Supplied data:
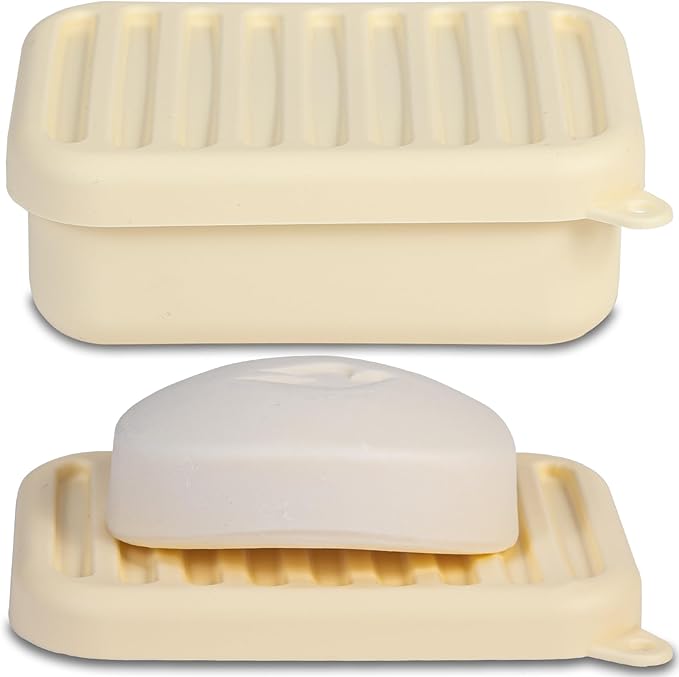 Superior Leak-Proof Silicone Travel Soap Case, Portable Soap Container with Draining Layer, Durable Soap Box, Shatter-Proof Soap Holder for Bathroom, Gym, Travel Size Toiletry (Yellow)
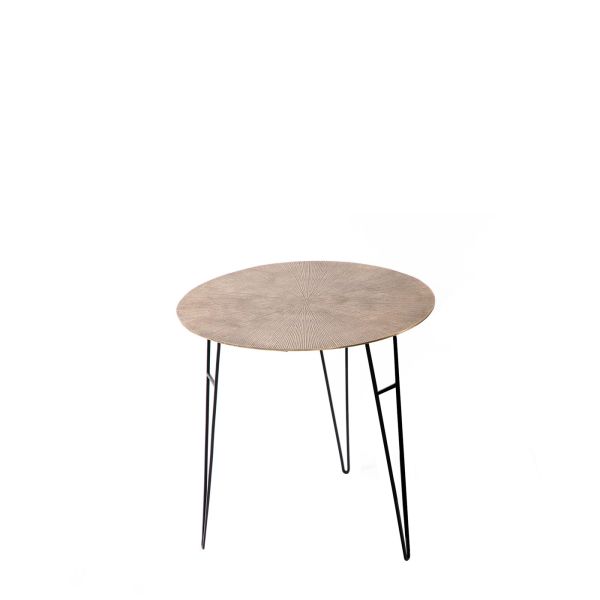 MESA AUX DE HIERRO TAPA ALUMINIO REDONDA 34X34X40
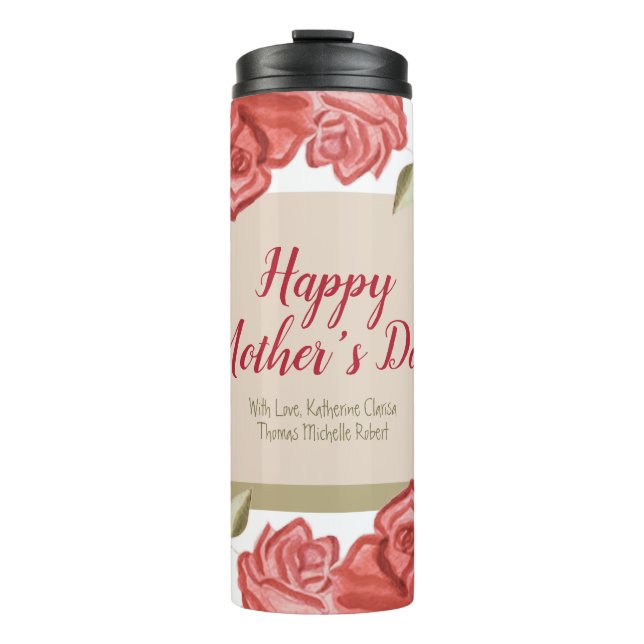 Script Elegant Trendy Modern Happy Mothers Day Thermal Tumbler (Front)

Exercise description: The listing above is to be written out again exactly, with its pictures omitted.

Answer to this problem:
 Superior Leak-Proof Silicone Travel Soap Case, Portable Soap Container with Draining Layer, Durable Soap Box, Shatter-Proof Soap Holder for Bathroom, Gym, Travel Size Toiletry (Yellow)
 MESA AUX DE HIERRO TAPA ALUMINIO REDONDA 34X34X40
 Script Elegant Trendy Modern Happy Mothers Day Thermal Tumbler (Front)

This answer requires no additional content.